The kidnapping and murder of Sarah Everard in London on 3 March, has led to a global movement regarding the safety of women in public. Sarah was walking home at 9PM, in a well-lit neighborhood wearing bright clothing and sneakers while speaking to her boyfriend on the phone, taking every safety precaution a woman could take. However, she did not make it home.
On 12 March, her remains were found and a police officer, Wayne Couzens was arrested and charged with kidnapping and murder. Women across the UK and the world are enraged by the incident caused by a law enforcement officer who is supposed to protect. How can women feel safe if police are committing such acts?
Incidents of this nature have given rise to a social movement because of the rage and frustration.

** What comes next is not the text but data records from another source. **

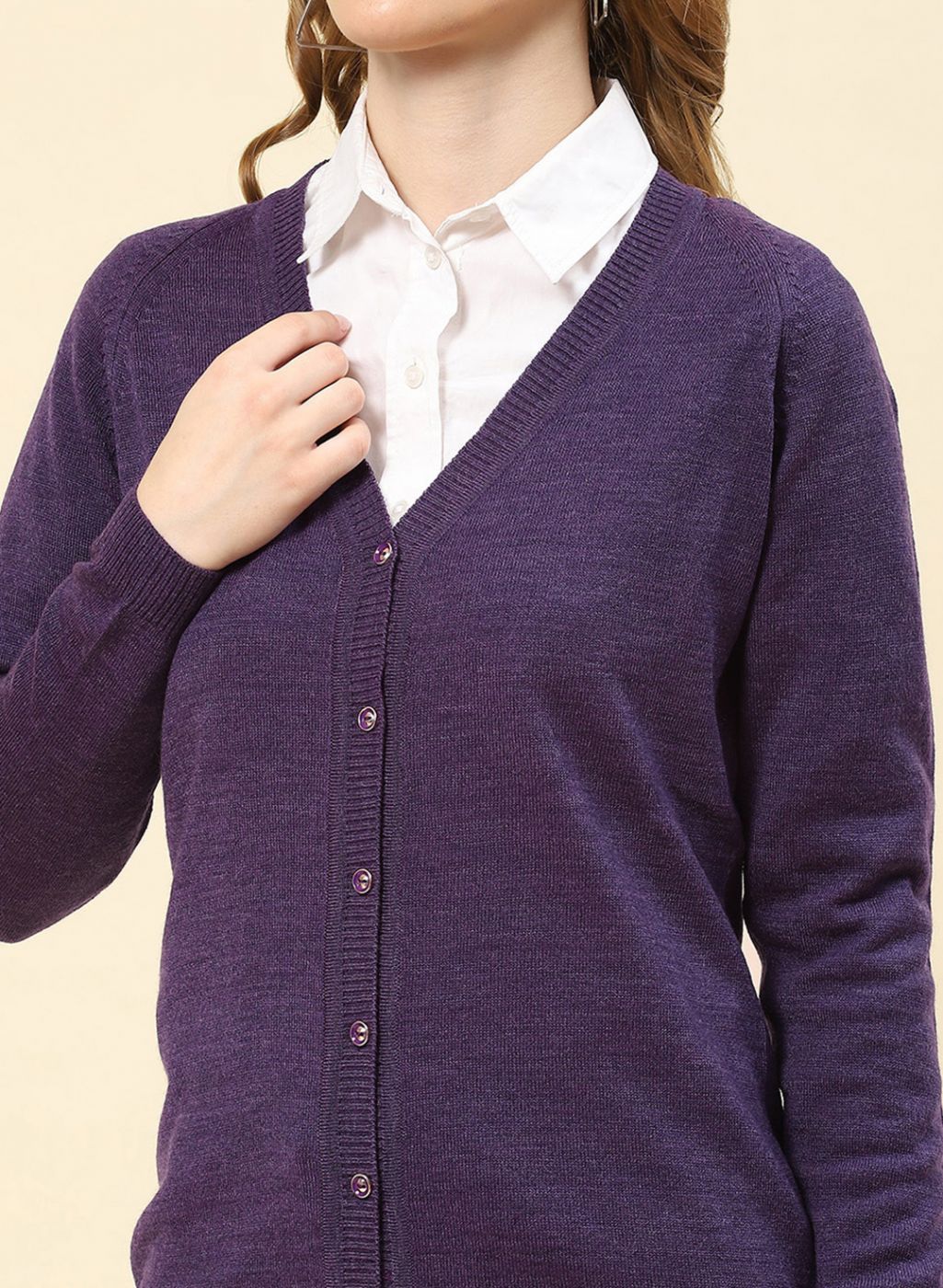 Women Purple Solid Blend wool Cardigan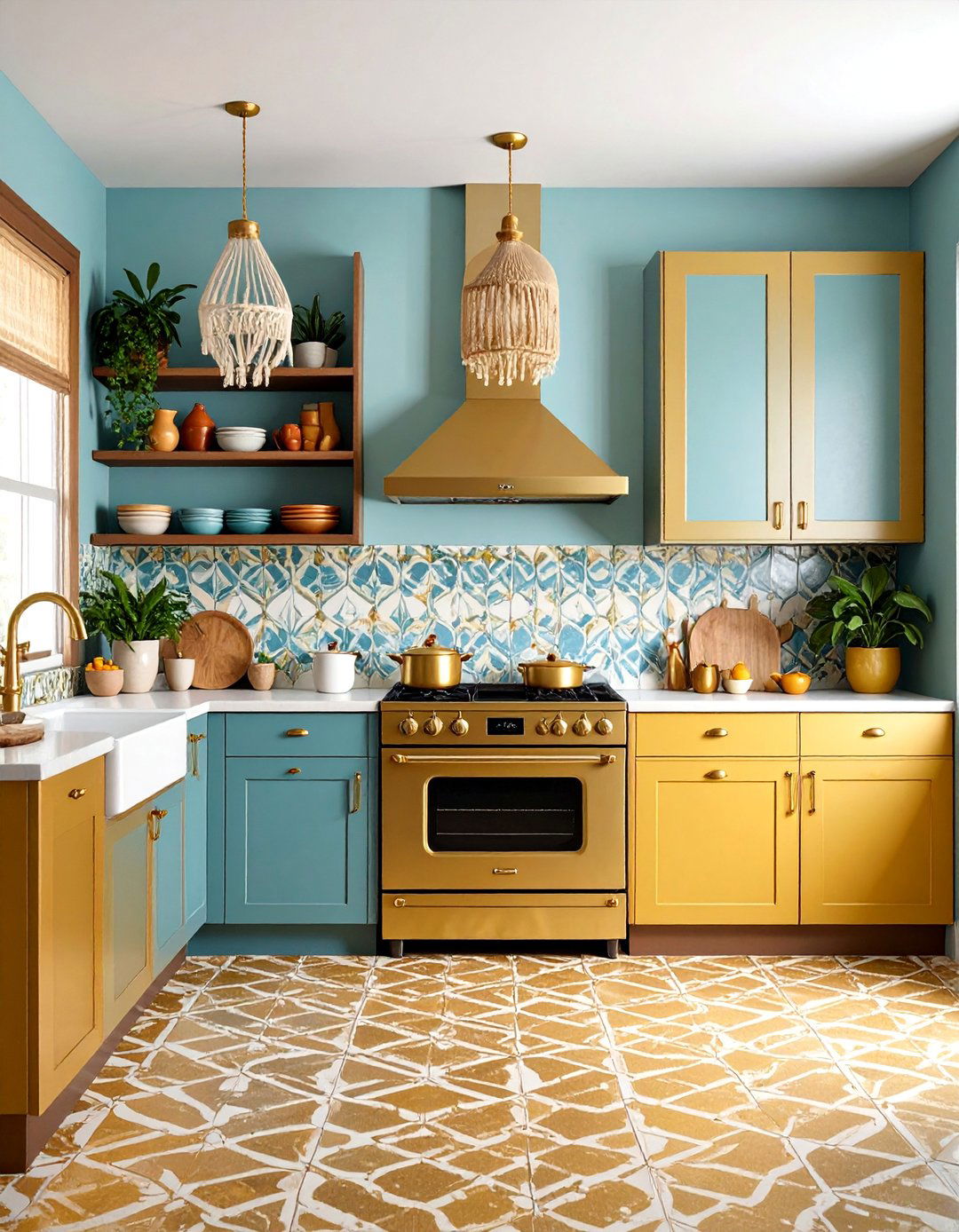Harvest Gold Kitchen with Open Shelving Display - 25 70s Kitchen Ideas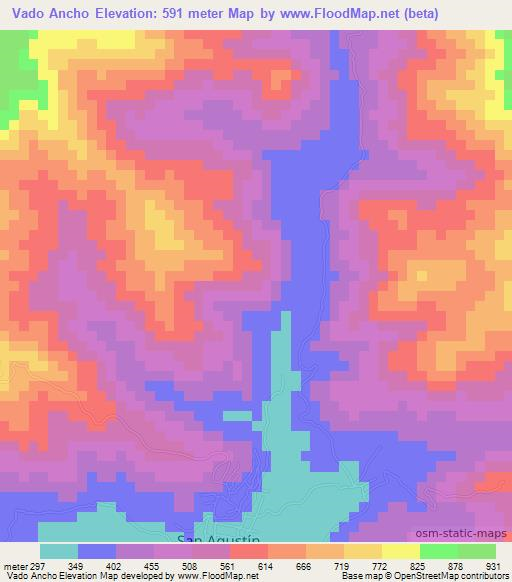 Vado Ancho,Guatemala Elevation Map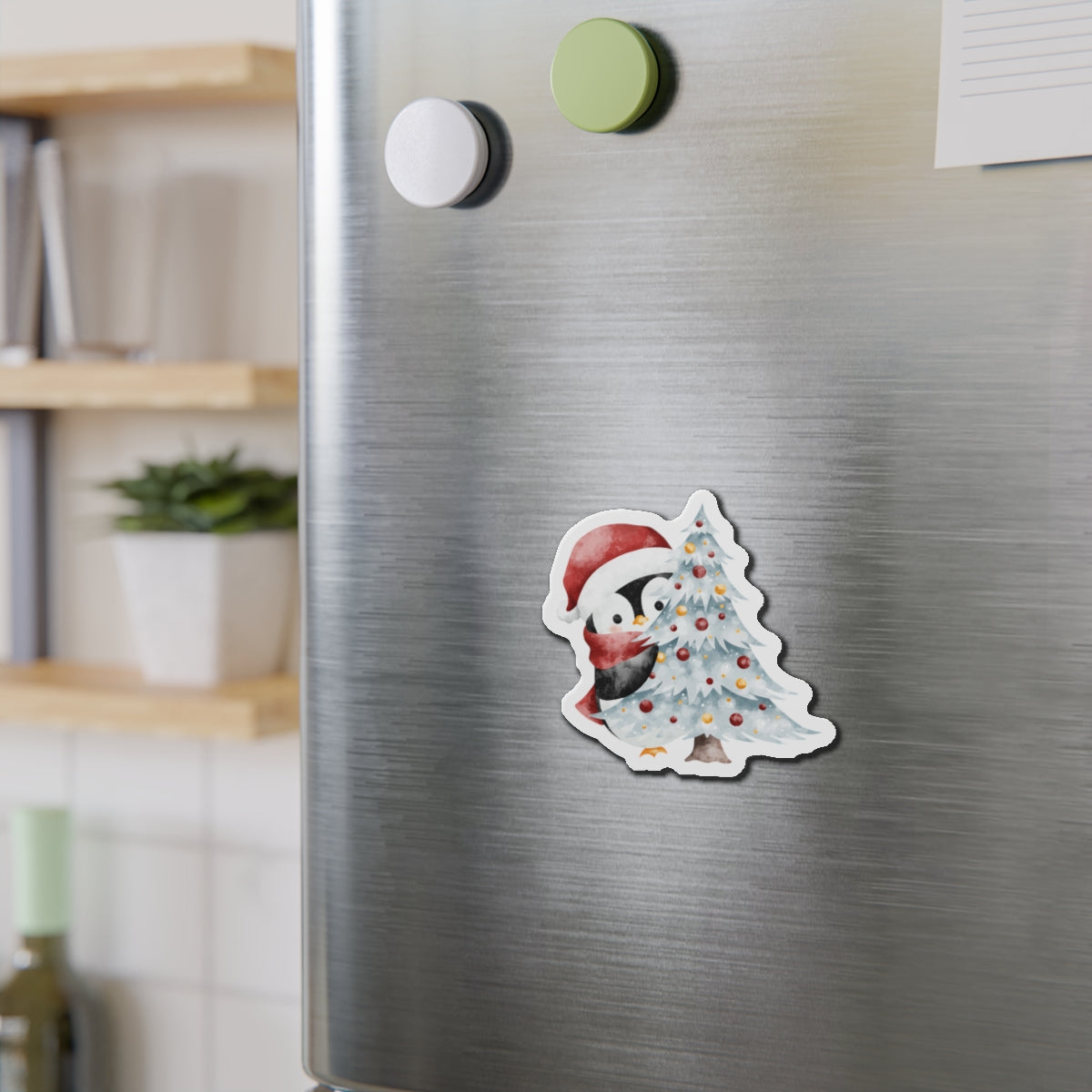 Penguin with Christmas Tree Fridge Magnet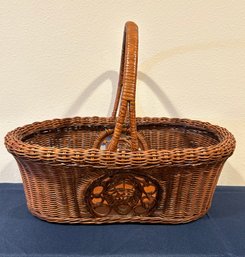 Vintage Bentwood And Rattan Basket With Handle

How can the government and law enforcement keep women safe from the violence committed by men?
The brutal rape and murder of 13-year-old Nirmala Pant is an example of how higher up officials can influence justice from being served as the perpetrators continue to walk freely. The recent rape and murder of 17-year-old Bhagirathi Bhatta is another example of how women continue to get the short end of the stick and pay for the inhumane acts committed by men.
How is it possible for women to feel safe and protected when men continue getting away after committing such acts? How can the country keep its daughters safe?
Many women experience daily sexual harassment in public and it is the women who feel more embarrassed than the perpetrators who do not seem to feel any shame and remorse regarding their behavior. And it is the women who are ashamed to come forward and speak up because of the stigma attached. It is the men who commit the shameful act, and it is the women who pay for it, as we have also seen in Bhatta’s case.
In many societies, victim-blaming is the immediate reaction. Speaking up about sexual harassment is important, so we can fight against all forms of violence against everyone.
Despite having laws against gender-based violence in Nepal, very few cases are reported in the excuse of protecting the family’s name and honour.
The victims and survivors often end up dealing with a lifetime of stigma if they choose to report such crimes. There is no guarantee of safety and protection once someone speaks up, which is one of the main reasons women silently suffer.